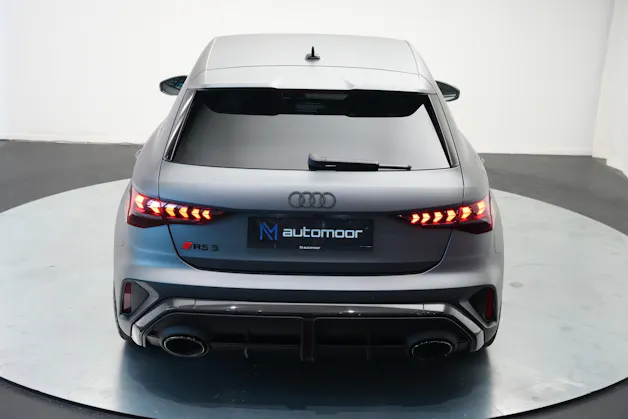AUDI RS3 Sportback 2.5 TSI quattro S-tronic *Daytonagrau Polarmatt* *KW Gewindefahrwerk* *Carbon*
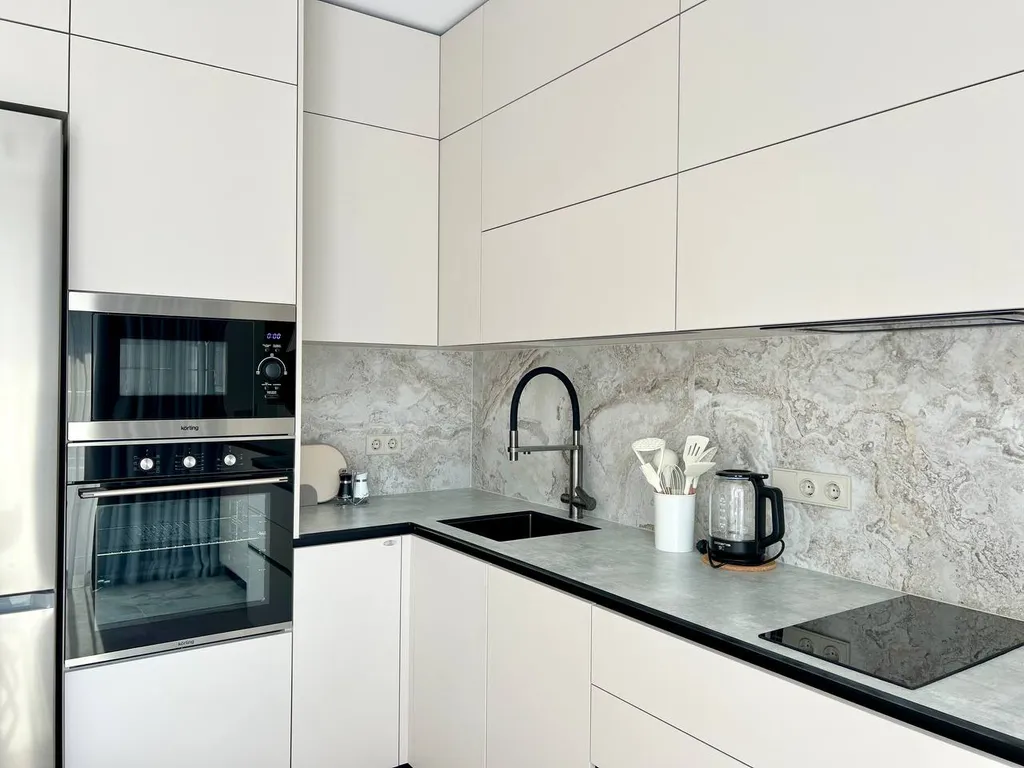 Современный апартамент с бассейном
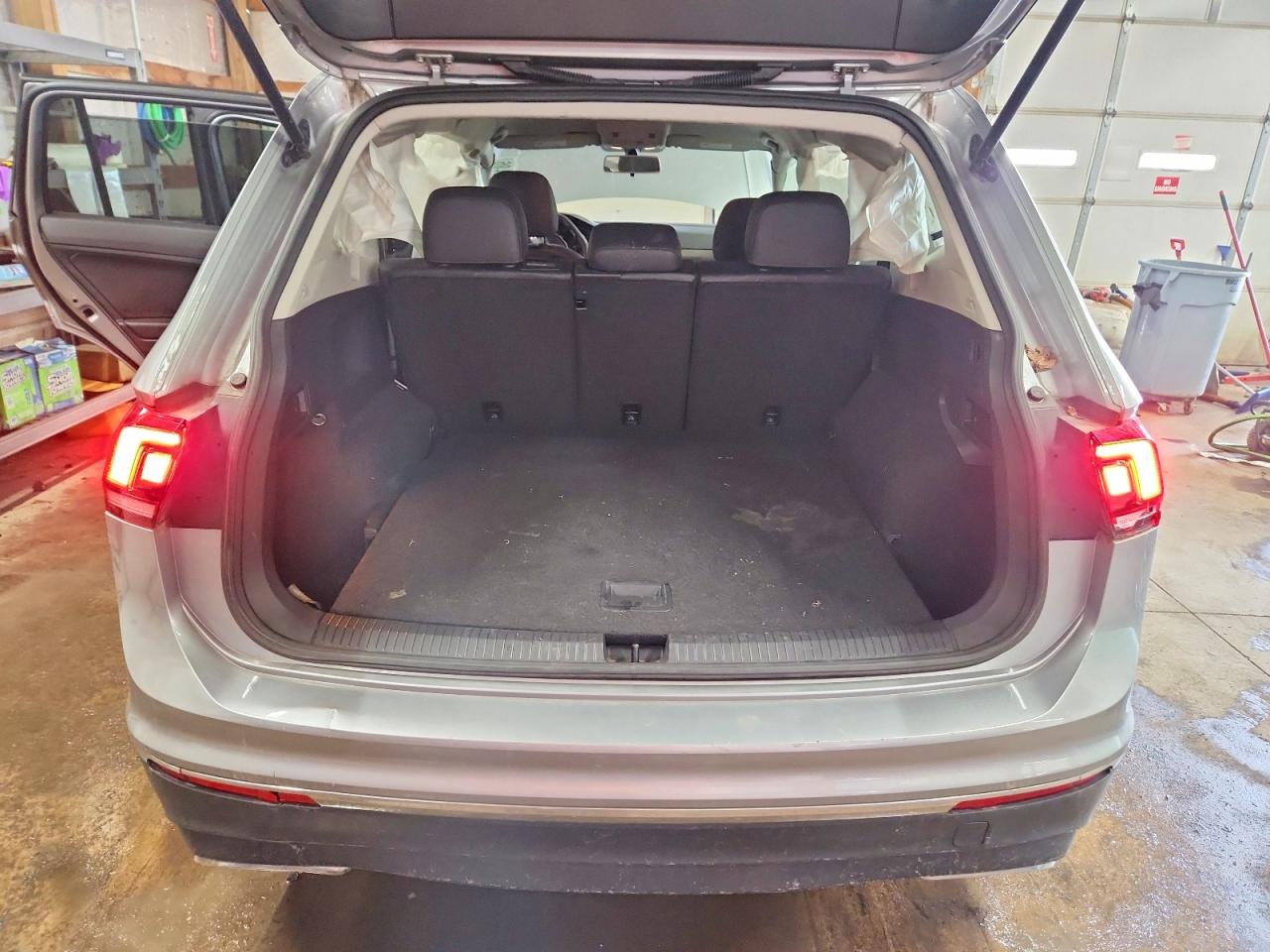 2020 VOLKSWAGEN TIGUAN SE photo 6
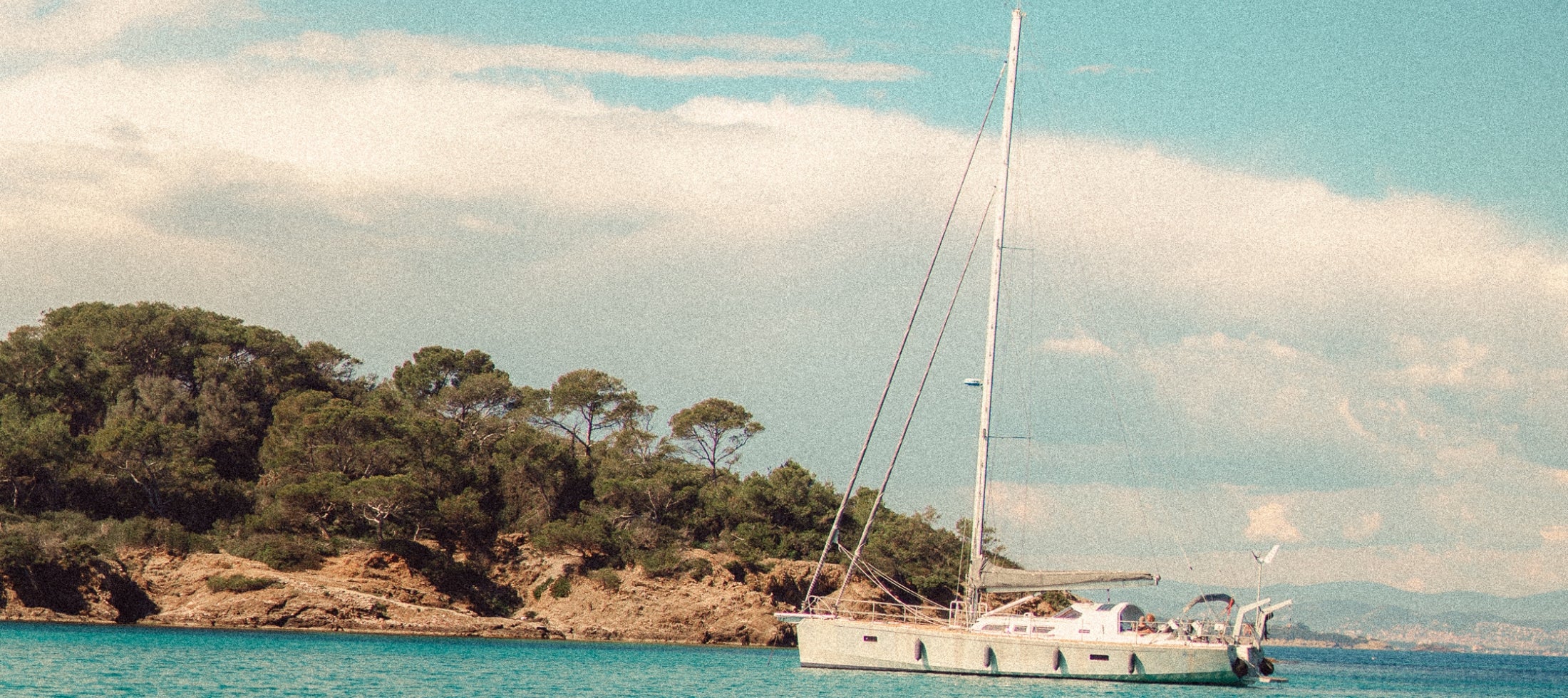Sortie en bateau aux Îles d’Or depuis Hyères, location pour journée en mer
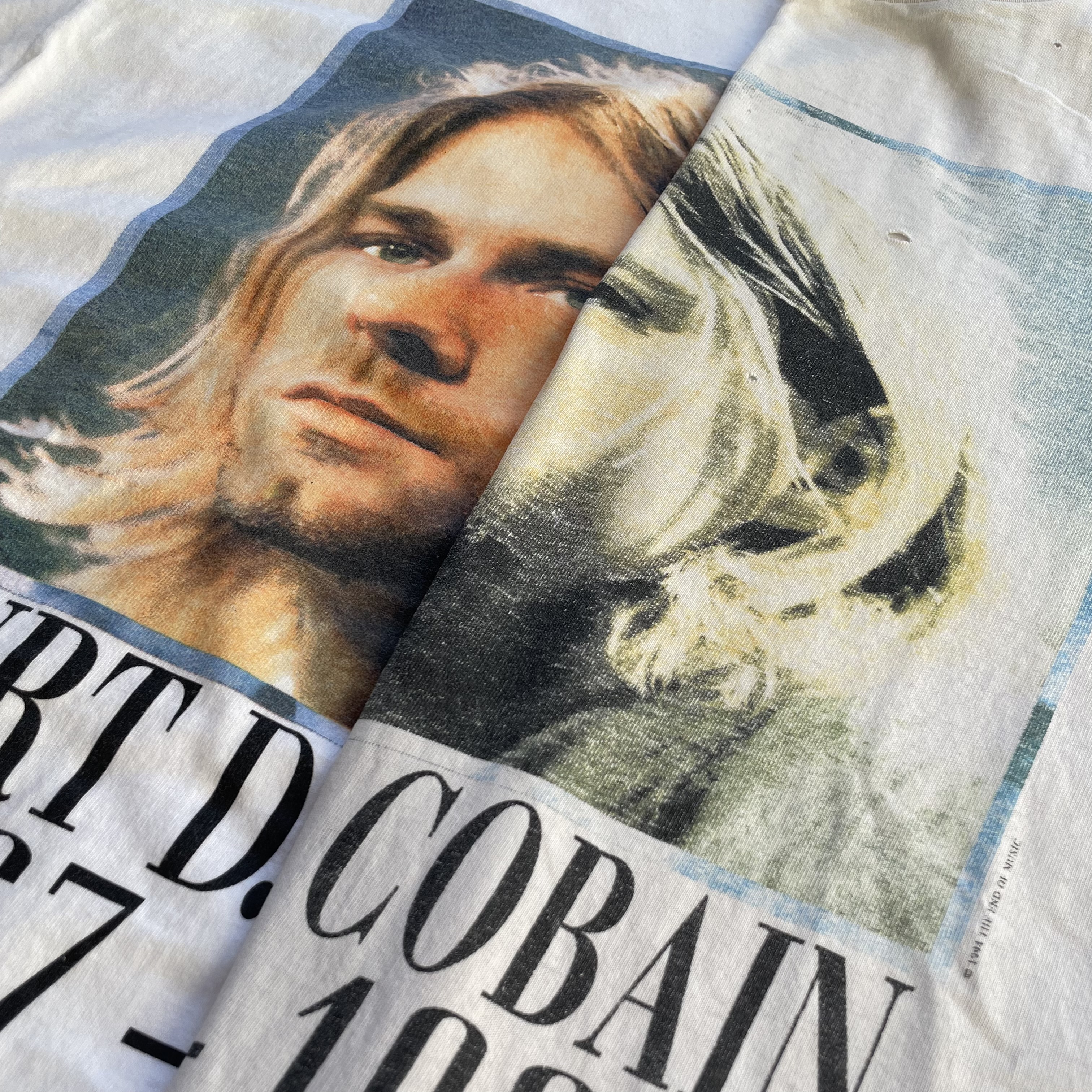 【Blog】Tシャツの色落ち？エイジング？ 90年代の カートコバーン追悼Tシャツを比較してみた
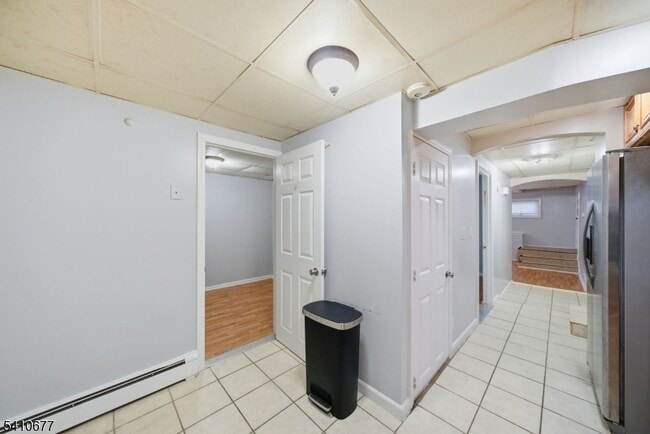 Building Photo - 245 Pierre Ave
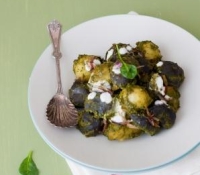 Thumbnail image for Baby potatoes with spiced spinach {saag aloo}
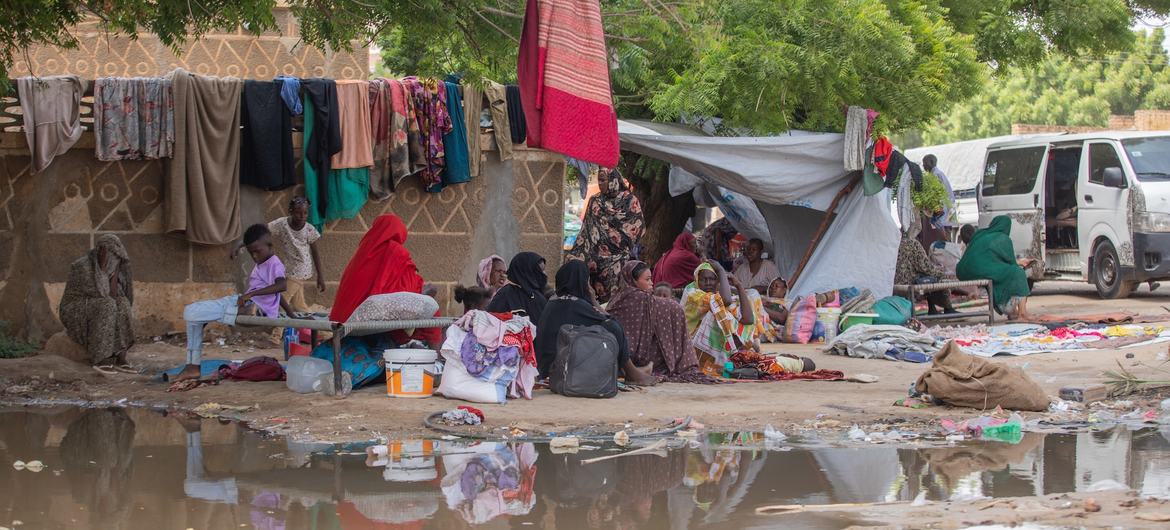 Famílias deslocadas em abrigo no sudeste do Sudão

⁂

Activity: The images are to be left out; every line above should be set down exactly.

Answer to the problem:
AUDI RS3 Sportback 2.5 TSI quattro S-tronic *Daytonagrau Polarmatt* *KW Gewindefahrwerk* *Carbon*
 Современный апартамент с бассейном
 2020 VOLKSWAGEN TIGUAN SE photo 6
Sortie en bateau aux Îles d’Or depuis Hyères, location pour journée en mer
 【Blog】Tシャツの色落ち？エイジング？ 90年代の カートコバーン追悼Tシャツを比較してみた
 Building Photo - 245 Pierre Ave
 Thumbnail image for Baby potatoes with spiced spinach {saag aloo}
 Famílias deslocadas em abrigo no sudeste do Sudão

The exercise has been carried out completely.